Fue este quien puso el acento en la “coherencia” del pintor durante sus décadas de producción, años en los que se ha mantenido fiel a sus formas y temáticas generando piezas que lo han convertido en “uno de los pintores vivos más conocidos”, unas obras con las que ha dado la vuelta al mundo. “La exposición revela esa coherencia creativa mantenida a lo largo de siete décadas, una coherencia y un estilo creativo que está presente en todas las técnicas utilizadas por el artista”, expresó Alcón. Efectivamente, esa marca personal, seña de identidad o savoir-faire, cómo se quiera llamar, queda patente tanto en sus pinturas, dibujos o esculturas, un sello que se intuye ya en sus primeros años de producción y que se mantiene en el tiempo hasta sus piezas más recientes, aquellas acuarelas que toman forma desde su hogar en Montecarlo.
La exposición que se despliega ahora -y hasta septiembre- en Fundación Bancaja supone la primera retrospectiva que le dedica València al artista, un proyecto que quiere abrir una ventana amplía a la historia del creador, una historia que, ha explicado él mismo en distintas ocasiones, quedó marcada por el dibujo de una mandolina, a la que dotó de un agujero bien pequeño en comparación con el instrumento. Este juego inesperado de escalas sería el principio de lo que fue desarrollando años después, un camino que le ha llevado a ser conocido por muchos como “el pintor de los gordos”, un apellido que se puede leer en numerosos textos y del que, sin embargo, quiere huir. “Tú no dices que una casa es gorda, dices que es volumétrica. Ahí está el error, no solo hay volumen en el cuerpo humano, lo hace en todo lo que pinta. Es una palabra que hay que desterrar del vocabulario Botero”.
Este interés por los volúmenes le llegó de manera significativa cuando de joven se instaló en Europa, un viaje en el que amplió sus conocimientos en torno al periodo renacentista, que se sumaban a otras influencias como las del muralismo mexicano. También, por cierto, pasó por la Academia de San Fernando de Madrid, una conexión con el arte español que cristaliza con su revisión de Las Meninas de Velázquez.
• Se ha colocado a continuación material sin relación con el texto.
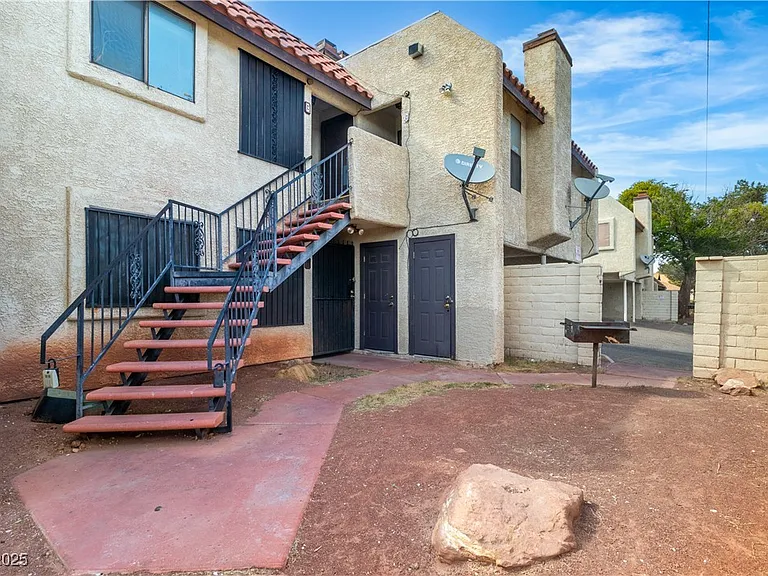 2200 Venus St #C — Photo 2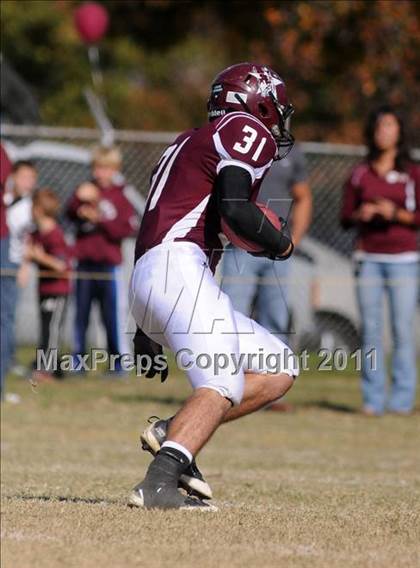 Thumbnail 1 in Benton vs. Red Bud (IHSA Class 3A First Round Playoff) photogallery.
Esta suma de impactos creó un caldo de cultivo que devino en aquellas figuras desproporcionadas que pueblan sus lienzos, personajes de de mirada hierática que observan el mundo bajo un mismo filtro, un estilo que iguala en forma a obispos y payasos, cazadores o mujeres desnudas.
Esta mirada democrática se aplica, pues, a distintos personajes y temáticas, algunas de las más populares aquellas que tienen que ver con el carnaval, el circo o las escenas de baile, en las que refleja la esencia colombiana tan presente en su niñez y juventud. “Los colores del circo son especiales. Uno puede pintar colores tan salvajes como quiera porque siempre van a ser lógicos”, llegaría a afirmar el pintor. Esta mirada a lo festivo, sin embargo, no solo se plasmaría a través del color, pues también la traduce en piezas de bronce, como la pieza Bailarines, que acoge la exposición.
La muestra también se detiene en sus pinturas al aire libre, miradas que lo conectan con el medio natural, aunque también con ejemplos que surten del universo de lo soñado, como la pieza Courbet en el campo, un retrato imaginario que homenajea al pintor francés, padre del realismo. Otro de los pilares clave en la obra de Botero es su representación del universo femenino, en los que representa un “juego de contrastes” que nadan, como el propio título de la muestra subraya, entre la sensualidad y la melancolía. Esta mirada va desde la Santa Rosalía, “en la que se aprecia la recuperación de la iconografía religiosa abordada por Zurbarán”, a su serie de desnudos femeninos, una representación habitual en la Historia del Arte que Botero traduce a su sistema formal, un sello o marca que lo sitúa como icono de la cultura popular.